Les éléments essentiels

[25] Il y a 23 revendications au dossier, y compris les revendications indépendantes 1, 9, 10, 11, 16 à 19 et 22. Les revendications indépendantes visent les microsphères SIR-spheres qui comprennent une résine échangeuse d’ions et de l’yttrium-90 précipité comme un sel de phosphate insoluble (revendications 1, 9, 16, 17, 22), aux procédés de production (revendications 10, 11) et à leur utilisation en radiothérapie et en traitement du cancer (revendications 18 et 19). La revendication indépendante 1 est reproduite ci-dessous :

[traduction]

1. Une matière particulaire ayant des particules d’un diamètre compris entre 5 et 200 micromètres, comportant un radionucléide incorporé de façon stable dans une matrice polymérique de résine échangeuse d’ions, précipitant le radionucléide comme sel de phosphate insoluble, où le radionucléide est l’yttrium-90 et où le radionucléide est incorporé de telle sorte qu’il y a moins de 0,4 % radionucléide délié ou non précipité.

[26] Les revendications dépendantes définissent en outre la composition de la matrice polymérique de résine échangeuse d’ions (revendications 2 à 8); les réactifs utilisés pour préparer les microsphères SIR-spheres (revendications 12 à 15); et les types de cancer qu’ils visent à traiter (revendications 20, 21 et 23).

[27] Comme il est énoncé ci-dessus, l’énoncé PN2020-04 indique que tous les éléments établis dans une revendication sont présumés être un élément essentiel, à moins qu’il n’en soit établi autrement ou que ce soit contraire au libellé employé dans la revendication. À notre avis, la personne versée dans l’art qui lit les revendications 1 à 23 dans le contexte du mémoire descriptif dans son ensemble et ayant les CGC comprendrait qu’aucun libellé utilisé dans les revendications n’indique que l’un quelconque des éléments est facultatif, préféré ou qu’il a été conçu autrement comme non essentiel.

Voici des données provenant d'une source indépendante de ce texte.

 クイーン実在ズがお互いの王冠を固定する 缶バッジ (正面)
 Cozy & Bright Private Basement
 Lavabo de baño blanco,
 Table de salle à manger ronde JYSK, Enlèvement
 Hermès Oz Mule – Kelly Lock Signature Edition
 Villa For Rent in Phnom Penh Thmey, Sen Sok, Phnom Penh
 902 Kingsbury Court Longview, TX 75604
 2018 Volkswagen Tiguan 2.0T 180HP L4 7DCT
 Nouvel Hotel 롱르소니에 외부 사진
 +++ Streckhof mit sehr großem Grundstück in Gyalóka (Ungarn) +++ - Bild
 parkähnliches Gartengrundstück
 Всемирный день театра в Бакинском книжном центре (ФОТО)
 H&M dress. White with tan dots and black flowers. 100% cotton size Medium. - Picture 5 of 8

Nous estimons donc que tous les éléments des revendications 1 à 23 sont essentiels.

Antériorité

[28] Aux pages 1 à 3, la DF stipule que le document D7 suivant a divulgué l’objet revendiqué avant la date de la revendication, contrairement à l’alinéa 28.2(1)b) de la Loi sur les brevets :

[traduction]

D7 : Self, G.W., « Yttrium-90 microspheres Project – Experimental Procedure and Equipment », Département de chirurgie, Hôpital St. Vincent, 1983

[…]

Le document D7 divulgue une méthode de préparation des microsphères d’yttrium 90.

[…]

Le document D7 fournit une technique utilisée à partir de 1984 pour faire un yttrium 90 stable contenant des microsphères pour la curiethérapie sélective. La stabilité est obtenue en précipitant le radionucléide comme sel de phosphate insoluble. L’argument du Demandeur selon lequel ce document n’était pas accessible au public n’est pas convaincant. Rien n’indique que le document D7, un livret d’instruction destiné au personnel du Département de chirurgie de l’hôpital St. Vincent, ait été conçu pour être confidentiel. Selon Canwell Enviro-Ind c. Baker Petrolite, (2002) 299 N.R. 247 (CAF) [42], le fait que la disponibilité d’un document au sein d’une institution publique constitue une divulgation publique aux fins du paragraphe 28.2(1) de la Loi sur les brevets est une question de droit :

 

[…] si l’information […] a été communiquée à un seul membre du public sans obstacle contraignant, cela suffira pour la rendre accessible au public. […]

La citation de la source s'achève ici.